- DATA FOR ANALYSIS -
========================================
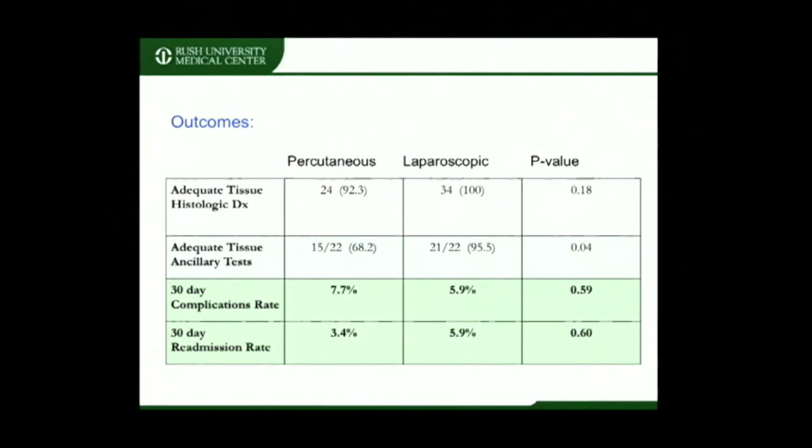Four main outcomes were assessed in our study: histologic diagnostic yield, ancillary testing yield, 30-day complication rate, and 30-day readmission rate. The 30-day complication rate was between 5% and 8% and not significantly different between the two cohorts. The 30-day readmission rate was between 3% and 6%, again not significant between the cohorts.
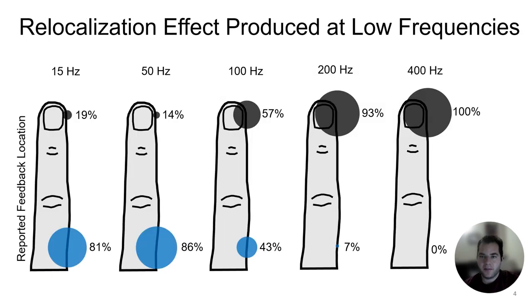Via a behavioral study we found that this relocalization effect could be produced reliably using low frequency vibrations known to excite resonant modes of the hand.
========================================
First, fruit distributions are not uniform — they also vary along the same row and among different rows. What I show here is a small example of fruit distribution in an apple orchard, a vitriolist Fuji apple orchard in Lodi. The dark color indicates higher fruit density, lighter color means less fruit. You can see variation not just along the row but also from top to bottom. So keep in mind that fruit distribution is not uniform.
========================================
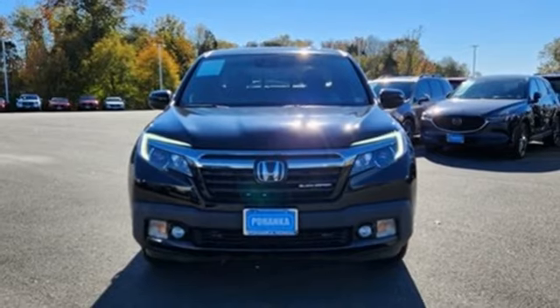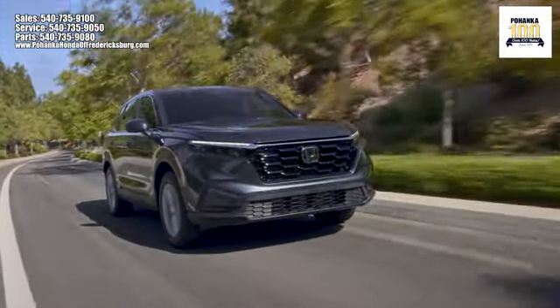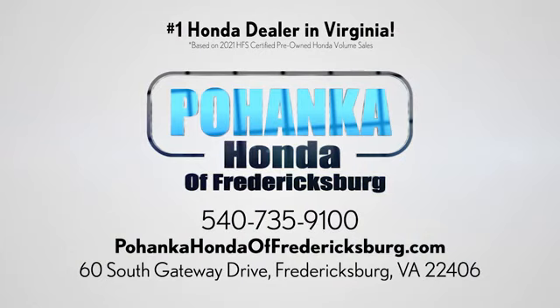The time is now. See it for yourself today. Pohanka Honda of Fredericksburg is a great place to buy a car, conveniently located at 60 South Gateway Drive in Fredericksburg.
========================================
- WHAT NEEDS TO BE DONE -
Copy nothing but the lines above from the one with "Four main outcomes" to the one with "Via a behavioral", inclusive, word for word. Leave every picture out.

- RESPONSE AREA -
Four main outcomes were assessed in our study: histologic diagnostic yield, ancillary testing yield, 30-day complication rate, and 30-day readmission rate. The 30-day complication rate was between 5% and 8% and not significantly different between the two cohorts. The 30-day readmission rate was between 3% and 6%, again not significant between the cohorts.
Via a behavioral study we found that this relocalization effect could be produced reliably using low frequency vibrations known to excite resonant modes of the hand.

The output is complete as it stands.